TASK TO COMPLETE – Copy the lines below as they are; omit the images they contain.

STORED DATA –
##############################
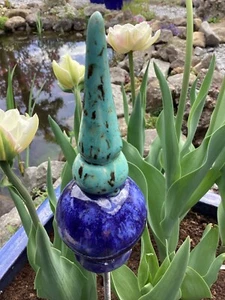 SPITZE KERAMIK - HANDARBEIT GARTENDEKO ROSENKUGEL STELENSPITZE - Bild 1 von 1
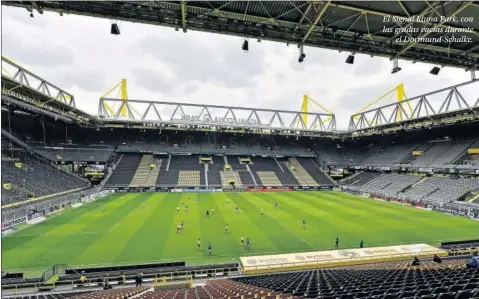  ??  ?? El Signal Iduna Park, con las gradas vacías durante
el Dortmund-Schalke.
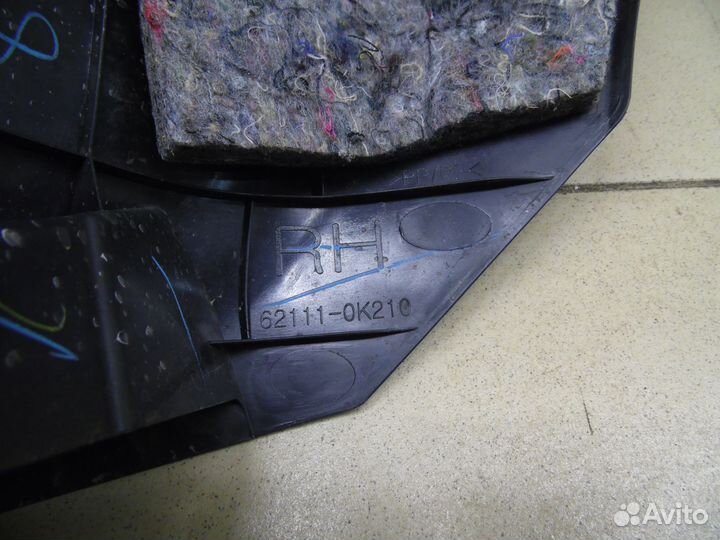 Накладка (кузов внутри) Hi Lux 2015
##############################
TASK RESPONSE –
 SPITZE KERAMIK - HANDARBEIT GARTENDEKO ROSENKUGEL STELENSPITZE - Bild 1 von 1
  ??  ?? El Signal Iduna Park, con las gradas vacías durante
el Dortmund-Schalke.
 Накладка (кузов внутри) Hi Lux 2015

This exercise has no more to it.